Secondo la difesa erariale sarebbe erroneo il presupposto da cui
muove il remittente, e cioè che l'accompagnamento alla frontiera
incida sulla libertà personale dello straniero. L'Avvocatura,
premesso che le coazioni fisiche di lieve entità non sembrerebbero
lesive del disposto dell'art. 13 della Costituzione, rileva che
l'accompagnamento avrebbe carattere meramente accessorio rispetto al
provvedimento principale di espulsione, di cui determinerebbe le
modalità esecutive. In particolare, il provvedimento espulsivo si
sostanzierebbe nell'ordine allo straniero di abbandonare il suolo
nazionale, mentre l'accompagnamento coattivo sarebbe una modalità
esecutiva complementare a tale ordine e, consistendo nella
individuazione ed esecuzione di un itinerario obbligatorio,
inciderebbe soltanto sulla libertà di circolazione.

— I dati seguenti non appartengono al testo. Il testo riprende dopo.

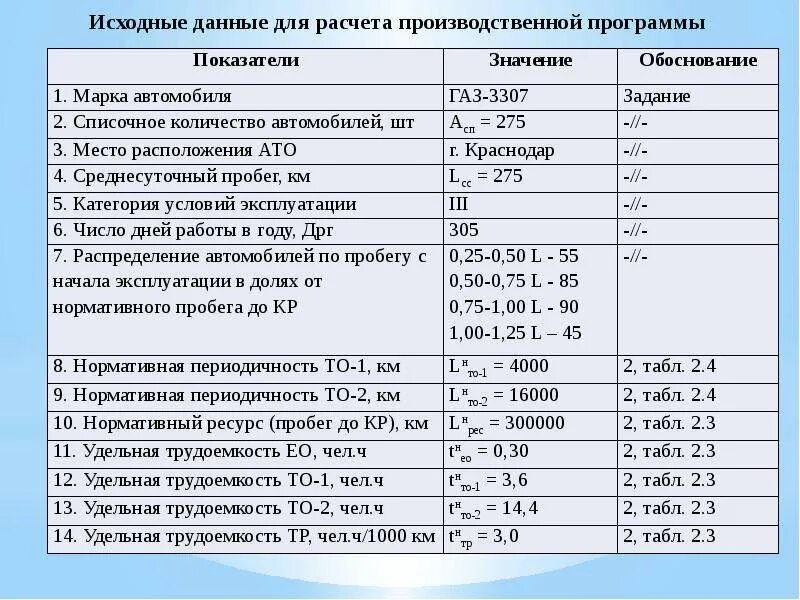 Пробеги до то 1 то 2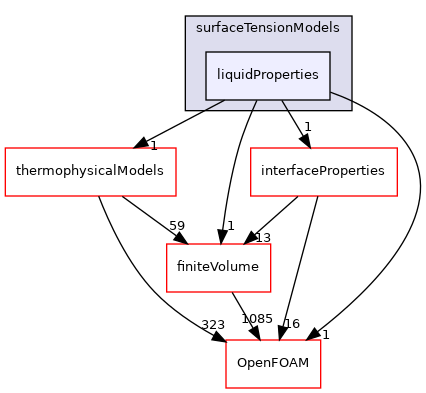 src/twoPhaseModels/compressibleInterfaceProperties/surfaceTensionModels/liquidProperties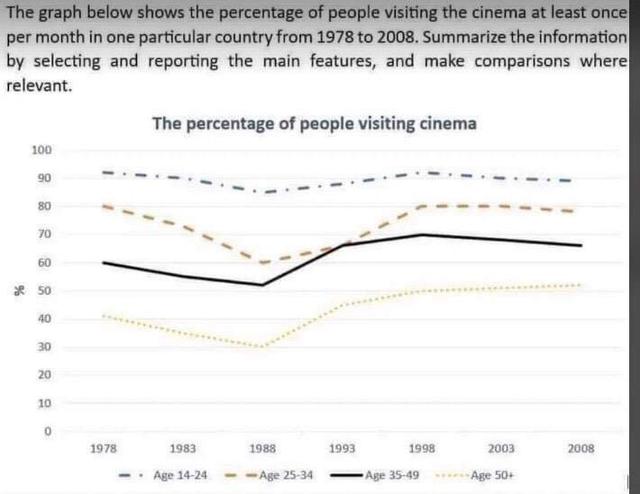 The graph below shows the percentage of people by age group visiting the cinema at least once per month in one particular country between 1978 and 2008.

Summarise the information by selecting and reporting the main features, and make comparisons where relevant.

Peraltro, una simile limitazione della libertà di circolazione
dello straniero sarebbe coerente con le garanzie previste dalla
Costituzione, corrispondendo a precise e ragionevoli esigenze di
tutela della sicurezza pubblica: la necessità di prevenire il
ritorno a situazioni di clandestinità e quella di garantire la
tenuta del sistema di contrasto dell'immigrazione illegale
integrerebbero, infatti, - secondo la difesa dello Stato - i motivi
di sicurezza che giustificano la limitazione della libertà di
circolazione.
Ad avviso dell'Avvocatura, la questione sarebbe comunque
infondata anche qualora si ritenesse che l'accompagnamento coattivo
determini una restrizione della libertà personale, perché la durata
dell'accompagnamento sarebbe circoscritta al tempo strettamente
necessario allo svolgimento del tragitto fino alla frontiera e
ricorrerebbero le ragioni di necessità ed urgenza che abilitano
l'autorità di pubblica sicurezza ad adottare provvedimenti
restrittivi della libertà personale.
In relazione a tale profilo, l'Avvocatura aggiunge che
l'esigenza, ineludibile da parte dello Stato, di presidiare le
proprie frontiere e quella di predisporre un ordinato flusso
migratorio ed una adeguata accoglienza giustificherebbero il
sacrificio minimo della libertà personale imposto allo straniero con
l'accompagnamento coattivo.
In ogni caso, secondo la difesa erariale, nelle ipotesi di
trattenimento nei centri di permanenza temporanea non si
verificherebbe alcuna violazione della riserva di giurisdizione. Il
giudice, infatti, all'atto della convalida del trattenimento nel
centro, sarebbe chiamato a valutare i presupposti di cui agli artt.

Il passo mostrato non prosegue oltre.